[Exercise objective] Output exactly, in the material below, the lines from the one with "Beamed-ceiling bedroom with" through the one with "a bedroom with". Omit all pictures.

**********

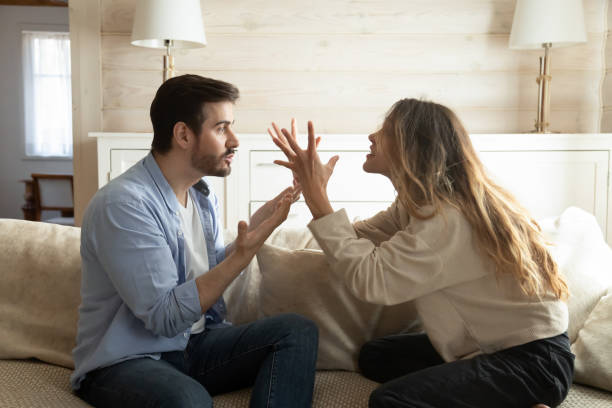 Emotional annoyed stressed couple arguing at home. Emotional annoyed stressed couple sitting on couch, arguing at home. Angry irritated nervous woman man shouting at each other, figuring out relations, feeling outraged, relationship problems concept. couple stock pictures, royalty-free photos & images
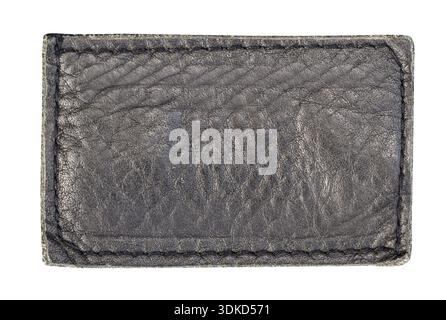 Black leather patch with stitch marks on transparent background, showing worn texture Stock Photo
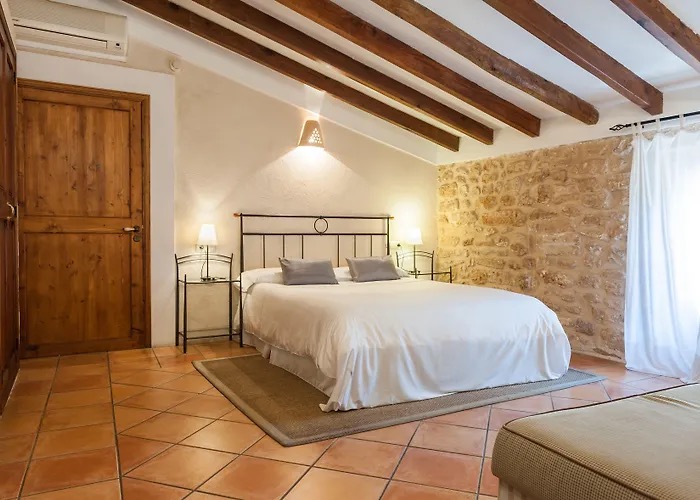 Beamed-ceiling bedroom with an exposed stone accent wall and a white made-up bed
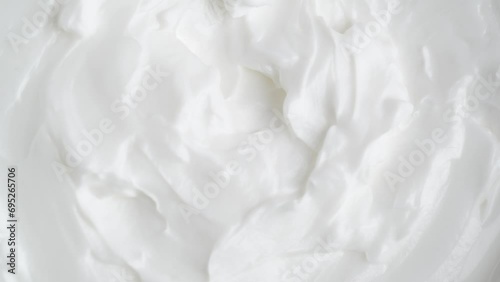 White smooth creamy moisturizing face cream texture, rotation, macro. Top view photo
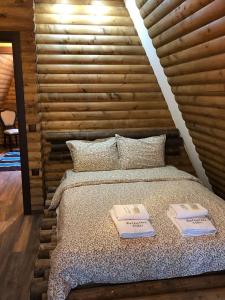 a bedroom with a bed with two towels on it at Belvedere Villas in Dospat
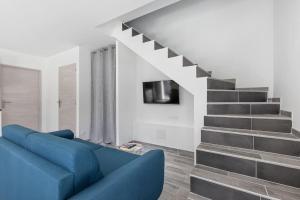 a living room with a blue couch and stairs at Villa MOON - 600m plage - clim - 6 pers - Cap d'Agde in Cap d'Agde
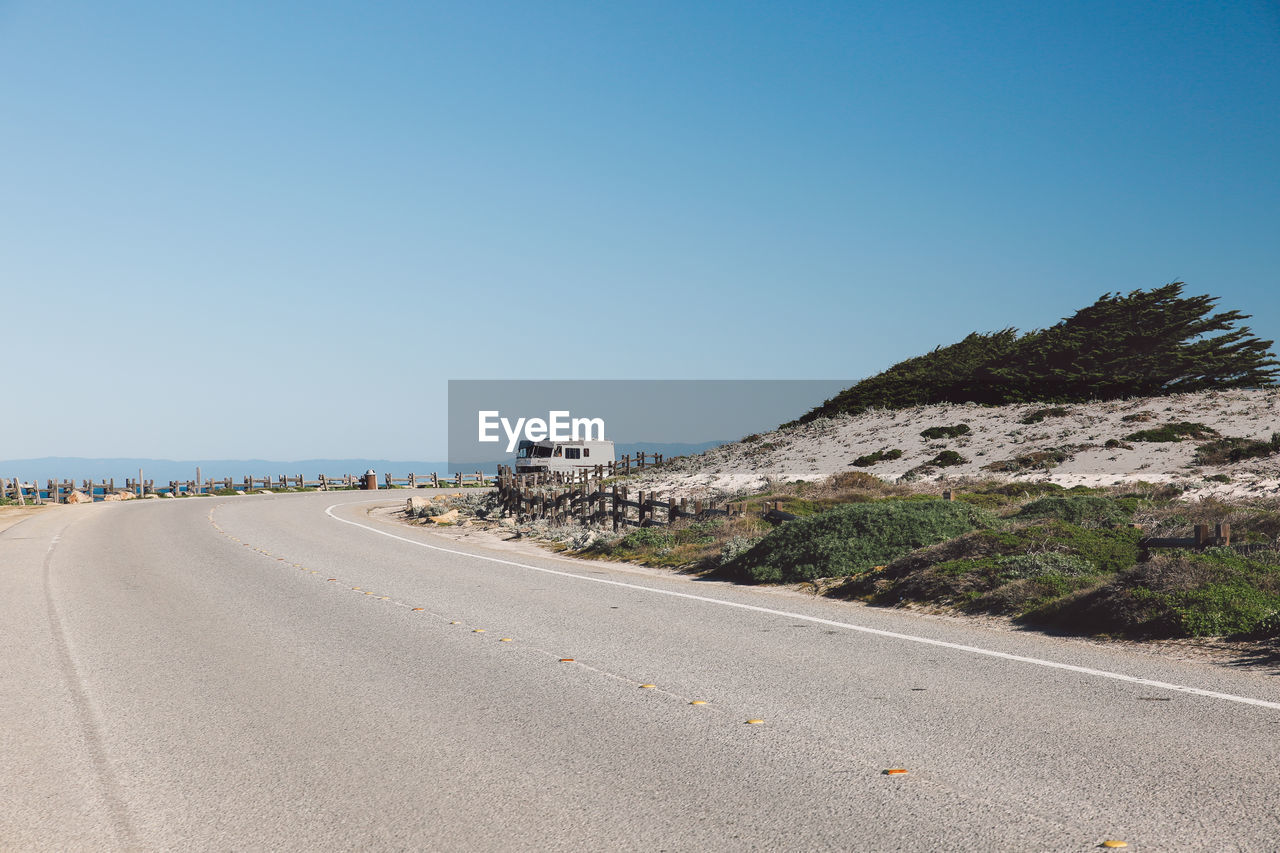 Road by sea against clear blue sky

**********

[Exercise solution]
 Beamed-ceiling bedroom with an exposed stone accent wall and a white made-up bed
 White smooth creamy moisturizing face cream texture, rotation, macro. Top view photo
 a bedroom with a bed with two towels on it at Belvedere Villas in Dospat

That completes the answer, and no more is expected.